1. Performance-specific test-suite: a group of specific benchmarks
that should be tracked with the LNT infrastructure. Hal proposed to
look at this, but other people helped implement it. Last I heard there
was some way of running it but I'm not sure how to do it. I'd love to
have this as a buildbot, though, so we can track its progress.

2. Statistical analysis of the LNT data. A lot of work has been put
into this and I believe it's a lot better. Anton, Yi and others have
been discussing and submitting many patches to make the LNT reporting
infrastructure more stable, less prone to noise and more useful all
round. It's not perfect yet, but a lot better than last year's.

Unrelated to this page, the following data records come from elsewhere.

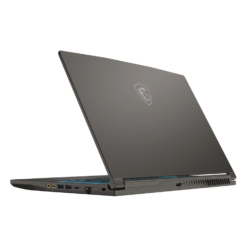 THIN15B12UC-2049NL - old.pricemarket.lv
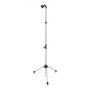 Douche de jardin Aqua Control Blue Bird Jardin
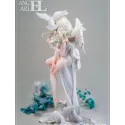 Original Character Angel Ariel FK Studio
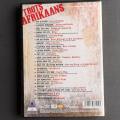 Trots Afrikaans (DVD)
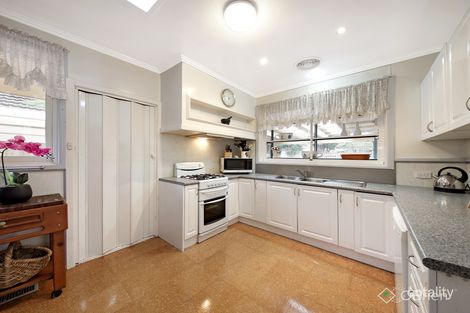 Property photo of 19 Greville Street Huntingdale VIC 3166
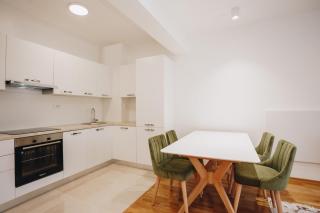 Status-M Apartments 183 - Bečići - 3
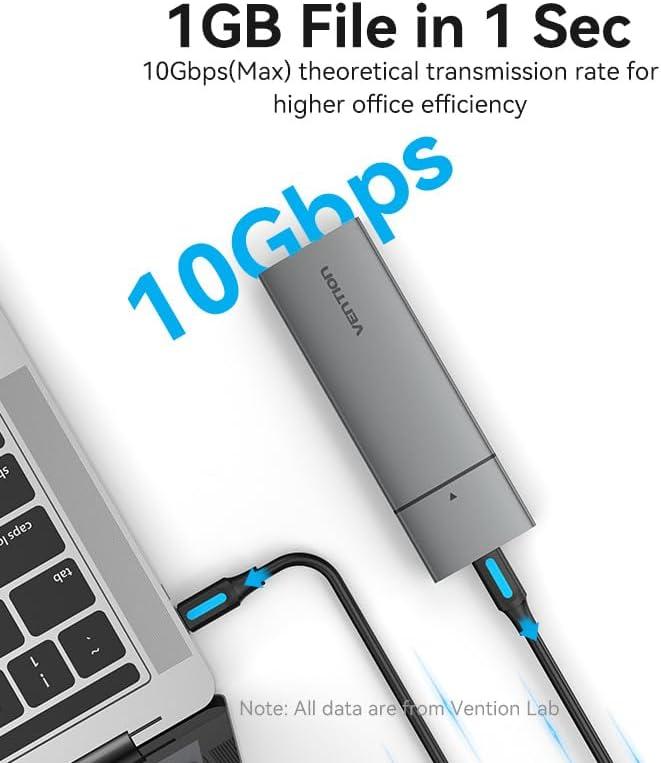 Vention_KPGH0-i4.jpg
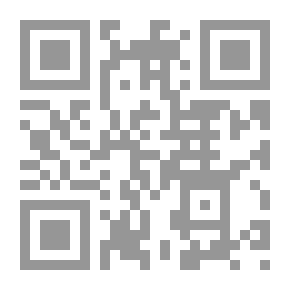 Qr Code مغامرة على facebook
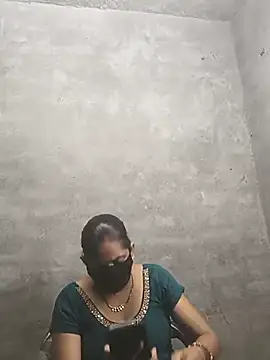 Rasili bhabhi10 online show from 10.05.25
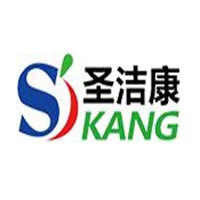 圣洁康空气净化加盟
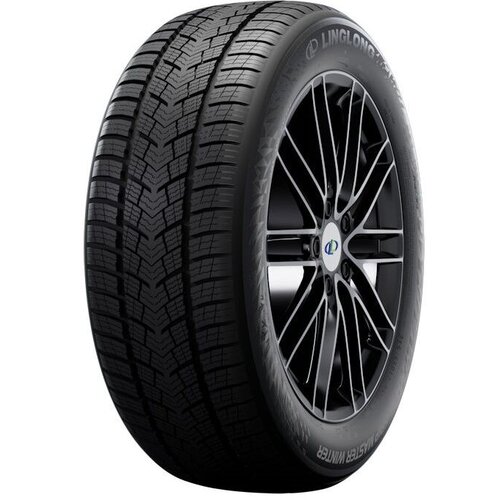 Linglong zimska guma 195/50R15 86V xl grip master winter Cene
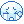 img1.gif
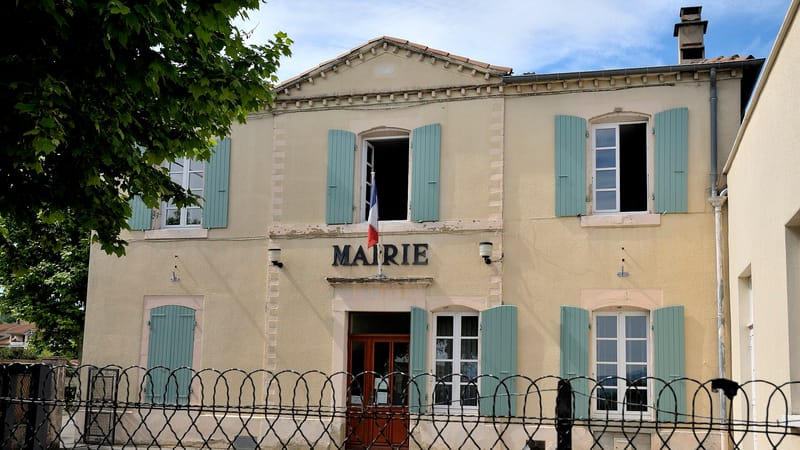 Romans-sur-Isère — Genissieux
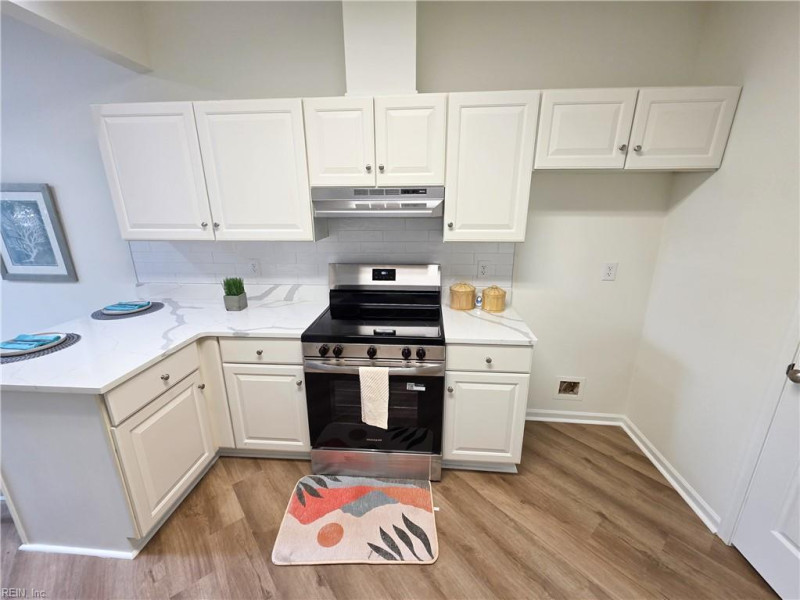 Photo 9 of 22 residential for sale in Newport News virginia Photo 9 of 22 residential for sale in Newport News virginia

Some other things happened since then that are also worth mentioning...

3. LNT website got really unstable (Internal Server Error every other
day). This is the reason I stopped submitting results to it, since it
would make my bot fail. And because I still don't have a performance
test-suite bot, I don't really care much for the results. But with the
noise reduction, it'd be really interesting to monitor the progress,
even of the full test-suite, but right now, I can't afford to have
random failures. This seriously needs looking into and would be good
to have that as a topic in this BoF.

4. Big Endian results got in, and the infrastructure now is able to
have both "golden standard" results. That's done and working (AFAIK).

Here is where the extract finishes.